Going back to the events of January 6, one of the things I’m struck by is— I made a little reference to this in the intro. The hallowed house, the people’s house, the place of democracy and all this. Anyone that knows what goes on in there knows it’s rife with corruption. It’s not every member, but most. Whether it’s the military-industrial complex or whether it’s finance, it’s the house of lobbying and the media and everybody making such a thing about what happened there, the threat to democracy.

There’s no insurrection without the military. If Trump was trying to get the military involved, which I don’t doubt that he probably was given the kind of crazy phone calls and that letter you referred to from the former Secretaries of Defense, there must have been something going on there. Maybe that helped spur my theory that McConnell, Graham, and Pence realize now they have the time to bail on this guy. He’s so gone over the edge.

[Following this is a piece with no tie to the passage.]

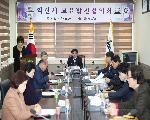 1월 14일 교육발전협의회 개최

The term of insurrection of these people who just broke into the buildings, to me, it’s such an exaggeration. It’s all for, on the Democrat side, partisan political advantage. Finally, they got Trump. They couldn’t get them on Ukraine. They couldn’t get them on Russia. Well, finally they got him. As I say, for the leaders of the Republican Party who have been groveling at this guy’s feet, bending over their backsides to this guy for four years, finally get some revenge and get control back of the Republican Party, at least for now. I don’t know. What do you think?

Gerald Horne

Well, first of all, I think it would be worthwhile to pursue an impeachment measure that would lead to the consequence of Mr. Trump being disqualified from running for public office again, particularly since we suspect that he’s gearing up already for 2024. I’m not sure if Trump wannabes, one of these: Ted Cruz, Josh Hawley, or even Tom Cotton of Arkansas, have the chops or the muscle to emulate the one, Donald J. Trump. I think that would be a good strategic move to pursue.

Secondly, to touch on another important base, I agree with the consensus that even Joseph R. Biden has articulated that the Black Lives Matter movement people would have been treated differently in the Capitol. As others have said, certainly left-wing protesters, and anti-war protesters would be treated differently. The problem is that even the radicals in the United States don’t seem to realize that that’s not some sort of coincidence; that’s a feature, not a bug of the system. 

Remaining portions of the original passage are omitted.